From these results, we confirm that the performance of the proposed model is excellent on both English and Japanese datasets. However, we should continue to improve the performance of the proposed model because several errors are observed in the results.

Fig. 6
figure 6

Boxplot of results with 5 seed values in Reuters

Fig. 7
figure 7

Boxplot of results with 5 seed values in FinCausal

Fig. 8
figure 8

Boxplot of results with 5 seed values in Kessan Tanshin

To examine the stability of each method, we summarized the results with five seed values in boxplots. The boxplots are shown in Figs. 6, 7 and 8. In Figs. 6, 7 and 8, results are summarized as boxplots. The trends in Figs. 6 and 8 are similar, but the trends in Fig. 7 are different. We consider that this is caused by including nested causality or not. It indicate that our model fit to extract nested causality. Additionally, the result also indicate all of our components (multi-task learning, clue encoder, and graph neural network based on syntactic dependencies) are useful for extracting nested causality.

From Figs. 6, 7 and 8, we can confirm that GCMB is more stability that other models. The difference between the maximum and minimum values of GCMB tends to be smaller than other models. We consider that graph neural network with syntactic dependencies provided stability and accuracy for extracting causality.
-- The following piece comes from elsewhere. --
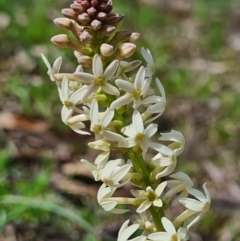 Stackhousia monogyna (Creamy Candles) at Watson, ACT - 11 Sep 2020 by AaronClausen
From Figs. 6, 7 and 8, precision of BiLSTM and BERT tends to be higher than their recall. However, their F1 is low due to their low recall. This result suggests that our components (multi-task learning, clue encoder, and graph neural network based on syntactic dependencies) are important for causality extraction regardless of nested causality or not.

7 Conclusion

In this paper, we have proposed a model to extract nested financial causalities based on clue expressions and universal dependencies from bi-lingual texts. The proposed model uses a clue encoder to handle given clue expressions for detecting nested causalities. In addition, to extracting bi-lingual causalities, the proposed model used syntactic dependencies based on universal dependencies, as well as graph attention networks. To evaluate the proposed model, we created two datasets, i.e., the Reuters news dataset and Kessan Tanshin dataset, from the financial domain. The proposed model was evaluated experimentally on both English and Japanese datasets, and the experimental results demonstrate that the proposed model outperformed the compared models.
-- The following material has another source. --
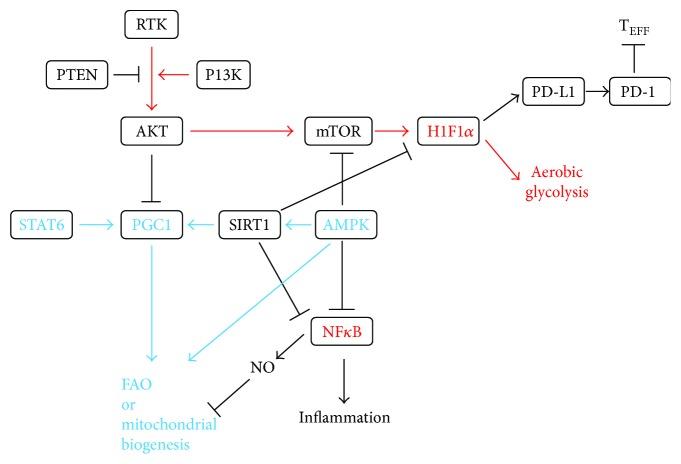 https://cdn.ncbi.nlm.nih.gov/pmc/blobs/2b3e/5831954/02faa334b043/JIR2018-8605471.001.jpg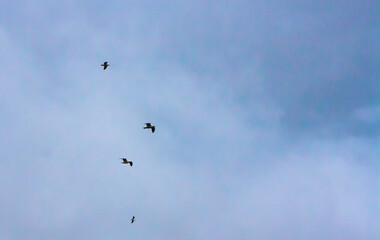Fototapeta premium birds in the sky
In future, we attempt to extract causalities from another language dataset, e.g., a Chinese dataset, using the proposed model, and we have begun to explore causalities in Chinese financial text data to facilities this future research direction. We also plan to develop a method to construct causal nets from multilingual causalities. We believe that the financial domain requires multilingual causal nets because the economy is becoming more worldwide. We consider that a method is required to connect causalities between different languages, and we would like to investigate forecasting global economic scenarios using the constructed causal nets. When an event occurs, some companies’ sales may decrease and other companies’ sales may increase. We expect that this process can be observed using causal nets; therefore, we consider that economic scenarios can be forecasted from past events using causal nets.